Pure, stateless tokenizer for VT/ANSI escape sequences.
Takes a binary and returns a list of typed tokens plus a leftover binary
containing any trailing bytes that form an incomplete sequence. The leftover
is meant to be prepended to the next chunk of input (see Vtex.Input.Stream).
The tokenizer implements
Paul Williams' ANSI parser state machine
as faithfully as a stateless tokenizer can. Within a control sequence it
reproduces the csi_entry / csi_param / csi_intermediate / csi_ignore
sub-states — parameter and intermediate bytes are collected into separate
buffers, and a malformed ordering drops into csi_ignore, which swallows the
rest of the sequence and emits nothing, exactly as the diagram specifies. It
also honours the diagram's "anywhere" transitions: an ESC restarts parsing,
CAN/SUB abort the sequence, other C0 controls are passed through (executed
in place) while the sequence continues, and DEL is ignored. It has no state
and no side effects, so it is fully testable with raw strings.
A handful of details still differ from the reference parser — see "Deviations from the reference parser" below.
Token types
{:text, binary()} # run of printable / control bytes
{:csi, params, intermediates, final} # ESC [ <params> <intermediates> <final>
{:ss3, byte()} # ESC O X
{:osc, payload :: binary()} # ESC ] ... ST
{:esc, byte()} # ESC <other>
{:invalid, binary()} # failed / rejected sequenceFor :csi, params and intermediates are binaries and final is a byte.
For example ESC [ ? 2 5 h tokenizes to {:csi, "25", "?", ?h} — the private
marker ? lands in intermediates, the digits in params.
Truncated sequences are never emitted as tokens; they are returned as the leftover binary so the caller can buffer them until more bytes arrive.
Byte ranges
- CSI parameter bytes:
0x30..0x39and;— collected intoparams - CSI intermediate / private-marker bytes:
0x20..0x2Fand0x3C..0x3F— collected intointermediates - CSI final byte:
0x40..0x7E - SS3:
ESC O <byte>— always exactly three bytes - OSC:
ESC ] <payload> STwhere ST isESC \orBEL(0x07)
DCS, APC, PM and SOS strings are recognised and immediately rejected
as {:invalid, ...} — no game/BBS context needs them, and their unbounded
payloads are a denial-of-service vector.
Deviations from the reference parser
This is a tokenizer, not a terminal, so a few parts of the diagram are intentionally absent or differ:
- The "anywhere" transitions are honoured only inside a CSI.
ESC,CAN,SUBand C0 controls get no special treatment inside OSC/string scanning or in theescapestate itself — e.g.ESC ESCis emitted as a lone{:esc, 0x1B}rather than re-entering the escape state, and a stray control inside an OSC payload is copied verbatim. - The diagram is 7-bit; colon is reserved.
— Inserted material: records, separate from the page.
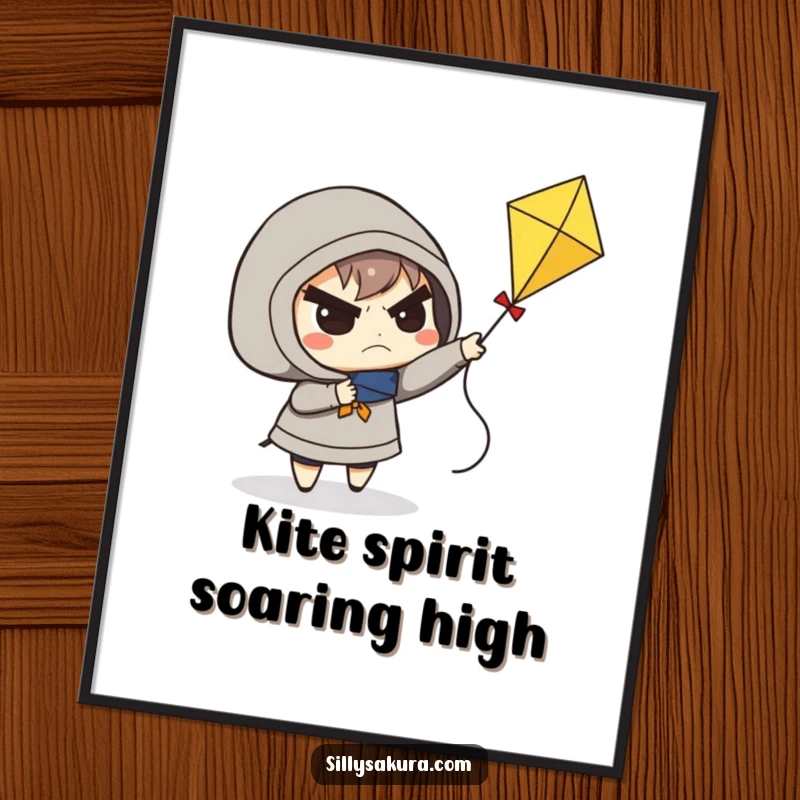 Funny Free Printable Wall Art: A character with a determined frown tries to fly a small kite, a quirky piece for your wall.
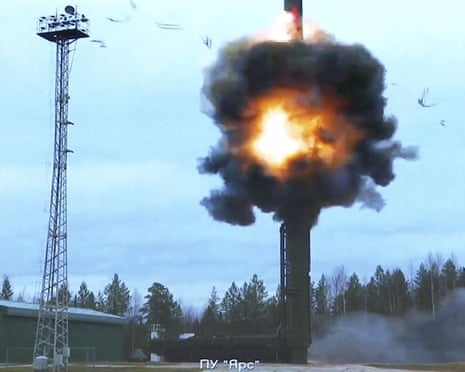 A still image from video, released by the Russian Defence Ministry, shows what it said to be Russia's Yars intercontinental ballistic missile launched during exercises held by the country's strategic nuclear forces at the Plesetsk Cosmodrome, Russia in 2022.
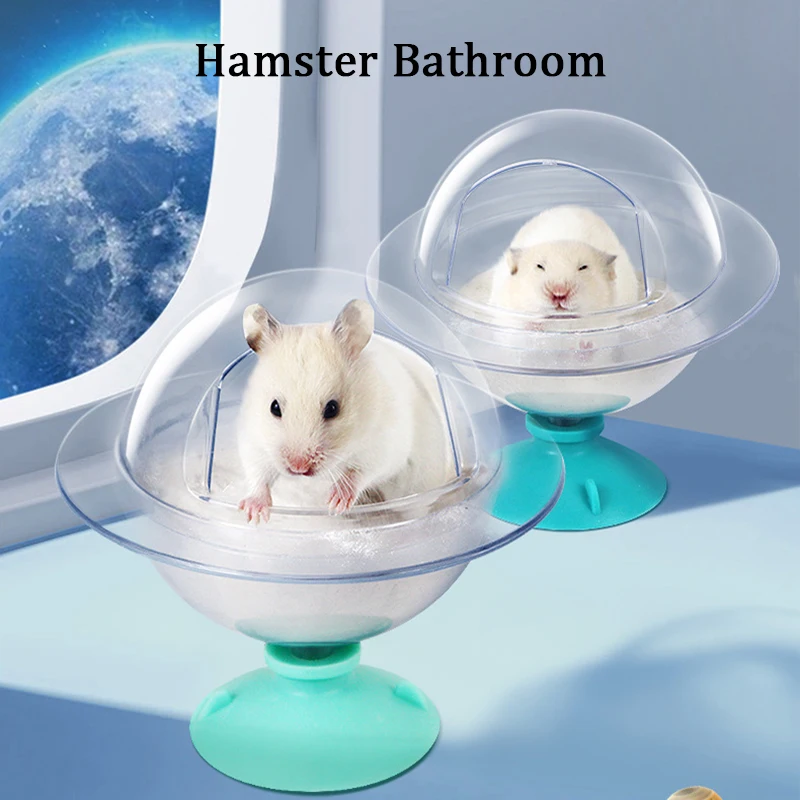 LMZOE Hamster Sand Bathroom Fully Transparent Mouse Case Large Space Shower Room Anti-slip base Pet Planet Supply Accessories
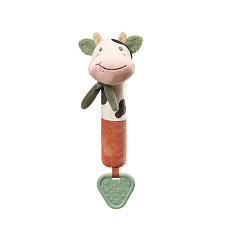 BABYONO Hračka pískací s kousátkem Cow Bingo 6m+ BABYONO Hračka pískací s kousátkem Cow Bingo 6m+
Following the original
diagram, a colon (
0x3A) inside a CSI drops the sequence intocsi_ignore. Terminals that use the ITU colon syntax for sub-parameters (e.g.ESC [ 38 : 2 : r : g : b m) will therefore have those sequences discarded — use the semicolon forms instead. - No 8-bit C1 controls. Only the 7-bit
ESC-prefixed forms are recognised; bytes0x80..0x9Fare treated as ordinary text, which is what UTF-8 continuation bytes require anyway. A0x80..0xFFbyte appearing mid-CSI drops the sequence intocsi_ignore. DCS,APC,PMandSOSare rejected, not parsed (see above).- OSC also accepts a
BELterminator, an xterm extension the strict diagram does not include. - Truncation defers C0 execution. Because incomplete sequences are buffered as leftover, a C0 control arriving mid-sequence is not emitted until the sequence completes; the reference parser would execute it immediately.
Summary
Functions
Tokenize a binary into a list of tokens and a leftover binary.
Types
Functions
Tokenize a binary into a list of tokens and a leftover binary.
The leftover is the unconsumed tail when input ends mid-sequence. Pass it back prepended to the next chunk to resume parsing.
Examples
iex> Vtex.Input.Tokenizer.tokenize("hi")
{[{:text, "hi"}], ""}
iex> Vtex.Input.Tokenizer.tokenize(<<0x1B, ?[, ?A>>)
{[{:csi, "", "", ?A}], ""}
iex> Vtex.Input.Tokenizer.tokenize(<<0x1B, ?[, "?25h">>)
{[{:csi, "25", "?", ?h}], ""}
iex> Vtex.Input.Tokenizer.tokenize(<<?a, 0x1B, ?[>>)
{[{:text, "a"}], <<0x1B, ?[>>}